▶ Action item: Transcribe exactly everything in the data below from the line containing "Gold base lamp with white shade" down to the line containing "Vera Bradley Clipboard", both lines included and nothing further.

▶ Source records:
- - - - -

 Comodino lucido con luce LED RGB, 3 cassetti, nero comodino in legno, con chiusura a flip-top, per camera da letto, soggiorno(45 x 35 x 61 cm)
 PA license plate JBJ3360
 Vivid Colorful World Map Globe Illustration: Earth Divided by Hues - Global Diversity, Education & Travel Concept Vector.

- - - - -

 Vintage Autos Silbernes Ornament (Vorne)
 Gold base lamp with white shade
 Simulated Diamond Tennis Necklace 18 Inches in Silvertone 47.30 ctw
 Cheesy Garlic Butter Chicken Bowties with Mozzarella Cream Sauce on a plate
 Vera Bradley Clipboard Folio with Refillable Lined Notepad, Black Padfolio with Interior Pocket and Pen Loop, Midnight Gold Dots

- - - - -

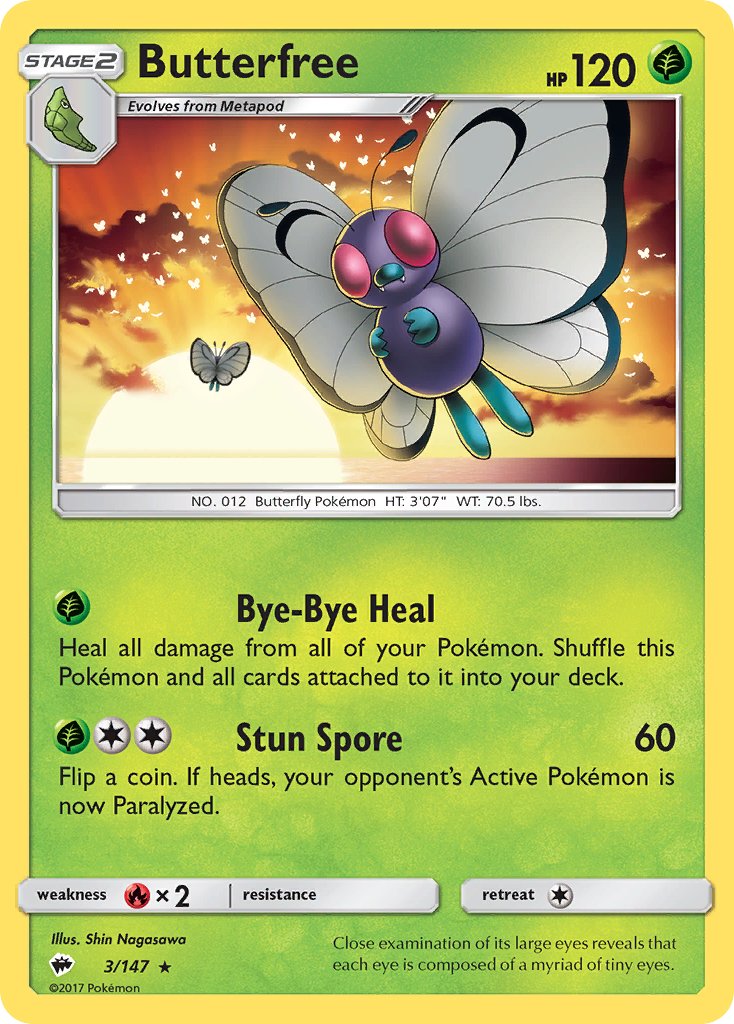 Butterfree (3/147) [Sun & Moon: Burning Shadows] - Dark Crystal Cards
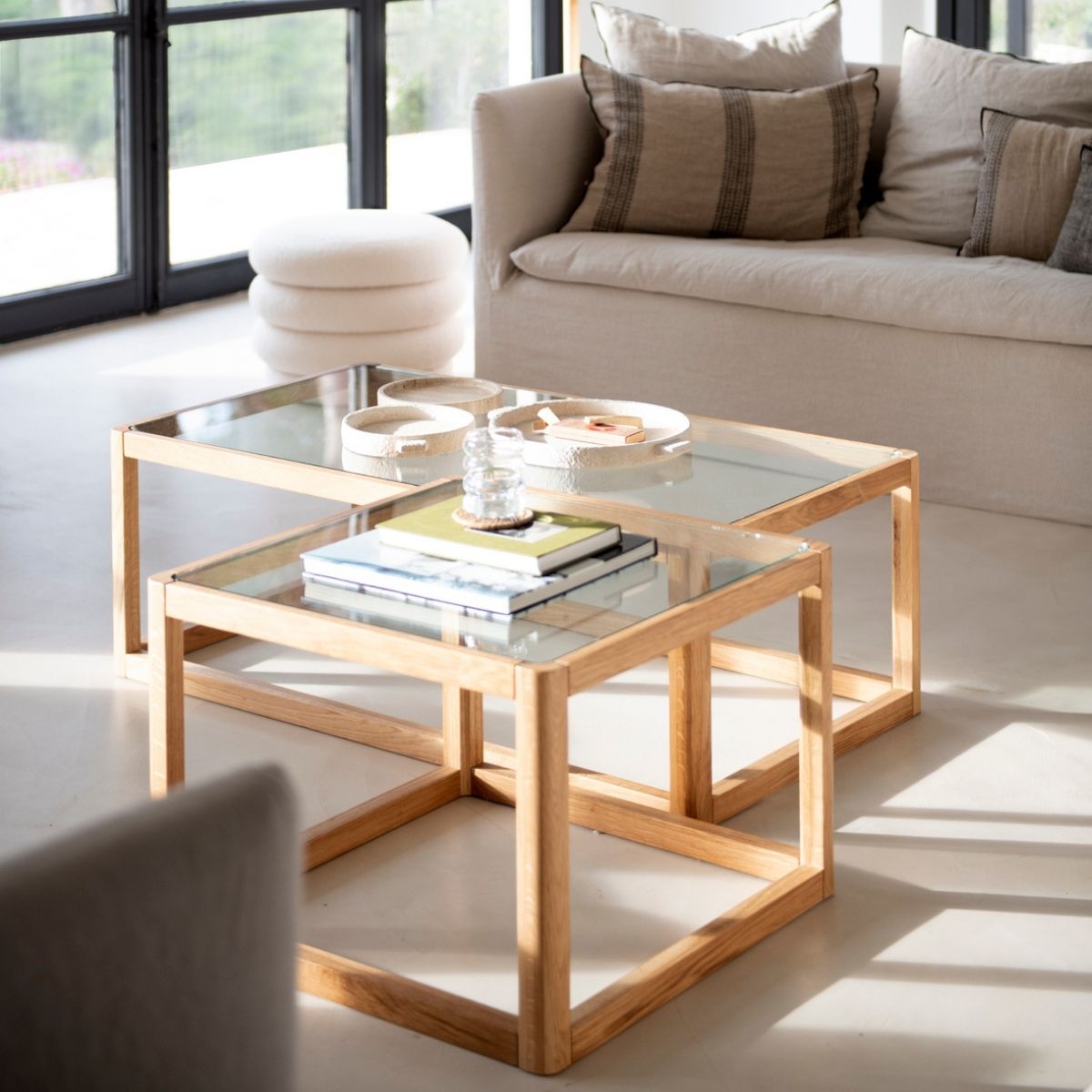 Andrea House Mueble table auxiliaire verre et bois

- - - - -

▶ Result of the exercise:
 Gold base lamp with white shade
 Simulated Diamond Tennis Necklace 18 Inches in Silvertone 47.30 ctw
 Cheesy Garlic Butter Chicken Bowties with Mozzarella Cream Sauce on a plate
 Vera Bradley Clipboard Folio with Refillable Lined Notepad, Black Padfolio with Interior Pocket and Pen Loop, Midnight Gold Dots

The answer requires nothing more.